The Supreme Court of Canada is taking another look at its landmark 2016 Jordan ruling on unreasonable trial delays, agreeing to hear a new case where it will further hone details of how the justice system applies strict rules on time limits.
The leave to appeal in a case called Jacques-Taylor, granted late last month, is one of two Jordan cases that justices on the Supreme Court will consider over the coming months.
It is part of a continuing legal process to shape the parameters of Jordan. The 2016 ruling upended how the justice system had long operated, when the Supreme Court instituted deadlines for criminal trials: 18 months in provincial courts and 30 months in superior courts.
The initial chaos unleashed by Jordan morphed into years-long reverberations, as all courts struggled with stretched resources, judicial vacancies and the pandemic. From early 2023 through late last year, Jordan derailed more than 400 criminal cases across the country.
Yet nearly nine years after the Supreme Court delivered Jordan in a surprise 5-4 ruling, there remain questions of how to precisely determine how the Jordan limits are triggered.
In the case the court agreed to hear in December, Elijah Jacques-Taylor and several co-accused were charged with firearms offences in 2021. An Ontario Court of Justice judge granted a stay in 2023, after tallying a trial delay of 18 months and two weeks, fractionally over the Jordan limit. Last June, Ontario’s Attorney-General lost again in a unanimous decision at the province’s appeal court.
The specific issue is how to account for delay caused by lawyers for the co-accused. Eugene Meehan, a partner at Supreme Advocacy LLP in Ottawa, said the top court “will be laser-focused on this narrow issue.”

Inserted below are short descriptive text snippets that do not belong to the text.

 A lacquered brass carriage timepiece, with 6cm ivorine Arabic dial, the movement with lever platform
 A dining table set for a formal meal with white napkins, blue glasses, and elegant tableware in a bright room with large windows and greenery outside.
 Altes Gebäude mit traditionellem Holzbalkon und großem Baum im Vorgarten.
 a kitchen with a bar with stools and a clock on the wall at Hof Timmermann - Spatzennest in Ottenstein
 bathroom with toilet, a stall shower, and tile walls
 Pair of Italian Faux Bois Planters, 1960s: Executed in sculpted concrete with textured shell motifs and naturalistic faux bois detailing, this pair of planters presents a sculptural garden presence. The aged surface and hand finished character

Since Jordan, the top court has issued more than a half-dozen decisions that have addressed specific details on delays. The question of co-accused has been on the minds of Supreme Court justices going back to a brief Jordan-related decision in 2021 called Yusuf, when the justices said they chose “to leave for another day various legal issues.”
The continuing challenges of Jordan, with cases regularly stayed before resolution, means the Supreme Court’s rulings in relation to Jordan are watched carefully by the legal community. Ontario’s Attorney-General didn’t put forth any sweeping claims in its appeal, but the decision to hear the Jacques-Taylor case sparked questions.
Michael Plaxton, a law professor at the University of Saskatchewan, said in a post on X that it was “tempting to speculate that the SCC is thinking about some sort of shift on unreasonable delay.”
Chris Sewrattan, a Toronto criminal lawyer, said the Supreme Court could view the Jacques-Taylor case more broadly as an “opportunity to recalibrate Jordan.” He is currently seeking leave to appeal to the Supreme Court in a separate Jordan-related case.
The sexual-assault case involves a 2023 Ontario Superior Court of Justice ruling where the delay was counted at 26.5 months – under the Jordan limit – but a stay was granted. The judge cited judicial vacancies in her reasoning. The ruling garnered surprise in the legal community.
The Attorney-General of Ontario challenged that decision at the province’s Court of Appeal and last October won a unanimous decision that set aside the stay and ordered a new trial. That’s scheduled this June back in superior court.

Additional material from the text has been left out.